Among the lines of the material below, how many carry the word "Used"? Only the number is wanted.
[Opening LISTED ENTRIES section]
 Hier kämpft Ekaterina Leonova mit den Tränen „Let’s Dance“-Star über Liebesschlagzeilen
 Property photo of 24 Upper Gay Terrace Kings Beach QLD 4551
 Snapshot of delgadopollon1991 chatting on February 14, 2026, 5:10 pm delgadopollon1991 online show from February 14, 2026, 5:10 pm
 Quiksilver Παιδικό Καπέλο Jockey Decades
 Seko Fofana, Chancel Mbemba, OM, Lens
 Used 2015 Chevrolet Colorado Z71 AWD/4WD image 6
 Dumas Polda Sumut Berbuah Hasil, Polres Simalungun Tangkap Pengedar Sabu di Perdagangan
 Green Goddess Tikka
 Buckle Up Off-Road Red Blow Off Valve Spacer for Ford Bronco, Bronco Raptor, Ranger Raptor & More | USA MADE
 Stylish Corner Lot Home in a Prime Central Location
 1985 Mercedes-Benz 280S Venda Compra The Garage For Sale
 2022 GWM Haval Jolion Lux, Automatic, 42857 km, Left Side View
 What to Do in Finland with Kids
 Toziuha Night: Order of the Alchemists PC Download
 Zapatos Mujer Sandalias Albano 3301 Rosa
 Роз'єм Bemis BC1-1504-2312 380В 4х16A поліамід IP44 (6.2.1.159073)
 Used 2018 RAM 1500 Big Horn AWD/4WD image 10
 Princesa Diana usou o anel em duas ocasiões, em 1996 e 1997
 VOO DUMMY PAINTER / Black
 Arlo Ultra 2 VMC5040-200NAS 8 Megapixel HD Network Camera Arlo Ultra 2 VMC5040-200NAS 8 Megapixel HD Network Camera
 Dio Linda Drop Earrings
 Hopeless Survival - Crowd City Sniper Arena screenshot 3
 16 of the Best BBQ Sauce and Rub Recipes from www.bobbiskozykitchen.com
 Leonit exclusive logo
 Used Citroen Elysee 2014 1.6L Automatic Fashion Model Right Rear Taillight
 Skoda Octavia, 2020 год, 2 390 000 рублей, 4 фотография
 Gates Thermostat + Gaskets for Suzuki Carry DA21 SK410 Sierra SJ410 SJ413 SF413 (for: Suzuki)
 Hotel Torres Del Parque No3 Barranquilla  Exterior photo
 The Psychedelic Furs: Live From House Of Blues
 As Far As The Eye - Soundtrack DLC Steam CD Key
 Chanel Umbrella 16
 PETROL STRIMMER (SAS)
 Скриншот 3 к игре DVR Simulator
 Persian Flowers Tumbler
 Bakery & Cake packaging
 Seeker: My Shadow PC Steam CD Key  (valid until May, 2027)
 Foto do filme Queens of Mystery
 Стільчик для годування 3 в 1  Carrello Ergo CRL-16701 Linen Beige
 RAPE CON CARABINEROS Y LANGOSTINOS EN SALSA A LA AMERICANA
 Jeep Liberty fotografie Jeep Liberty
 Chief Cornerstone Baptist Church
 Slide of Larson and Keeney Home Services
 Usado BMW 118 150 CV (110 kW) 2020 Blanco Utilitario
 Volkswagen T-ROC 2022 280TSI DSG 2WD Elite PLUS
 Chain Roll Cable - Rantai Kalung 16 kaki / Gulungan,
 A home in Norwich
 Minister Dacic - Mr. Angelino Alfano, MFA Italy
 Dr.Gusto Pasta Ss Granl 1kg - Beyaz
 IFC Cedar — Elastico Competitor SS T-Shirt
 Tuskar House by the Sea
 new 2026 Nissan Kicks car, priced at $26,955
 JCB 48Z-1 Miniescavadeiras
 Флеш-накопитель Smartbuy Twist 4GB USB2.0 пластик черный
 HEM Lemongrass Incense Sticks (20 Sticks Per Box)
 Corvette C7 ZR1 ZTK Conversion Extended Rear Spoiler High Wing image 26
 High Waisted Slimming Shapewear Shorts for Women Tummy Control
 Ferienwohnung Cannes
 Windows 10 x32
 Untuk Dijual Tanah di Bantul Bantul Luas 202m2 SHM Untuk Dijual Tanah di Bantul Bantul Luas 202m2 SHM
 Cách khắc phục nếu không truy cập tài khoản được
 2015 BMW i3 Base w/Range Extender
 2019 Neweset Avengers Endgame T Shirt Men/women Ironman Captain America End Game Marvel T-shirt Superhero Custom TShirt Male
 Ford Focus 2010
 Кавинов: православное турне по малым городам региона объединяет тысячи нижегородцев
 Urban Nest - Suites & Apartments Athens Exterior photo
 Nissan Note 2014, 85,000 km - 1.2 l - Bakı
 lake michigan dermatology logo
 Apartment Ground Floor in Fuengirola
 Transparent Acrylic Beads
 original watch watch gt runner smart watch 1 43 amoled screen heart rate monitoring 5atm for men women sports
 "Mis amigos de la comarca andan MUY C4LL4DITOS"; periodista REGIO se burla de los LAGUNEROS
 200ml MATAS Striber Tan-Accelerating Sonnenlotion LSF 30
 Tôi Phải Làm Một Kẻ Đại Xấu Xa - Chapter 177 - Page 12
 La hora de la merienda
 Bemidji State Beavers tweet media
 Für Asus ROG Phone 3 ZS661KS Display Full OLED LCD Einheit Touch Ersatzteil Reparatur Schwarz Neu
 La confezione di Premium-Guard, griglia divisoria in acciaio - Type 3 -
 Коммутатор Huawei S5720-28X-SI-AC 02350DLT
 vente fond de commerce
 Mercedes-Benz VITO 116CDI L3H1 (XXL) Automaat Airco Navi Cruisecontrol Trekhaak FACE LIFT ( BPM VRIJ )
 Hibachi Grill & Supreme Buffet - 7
[Closing LISTED ENTRIES section]
EXERCISE SOLUTION: 3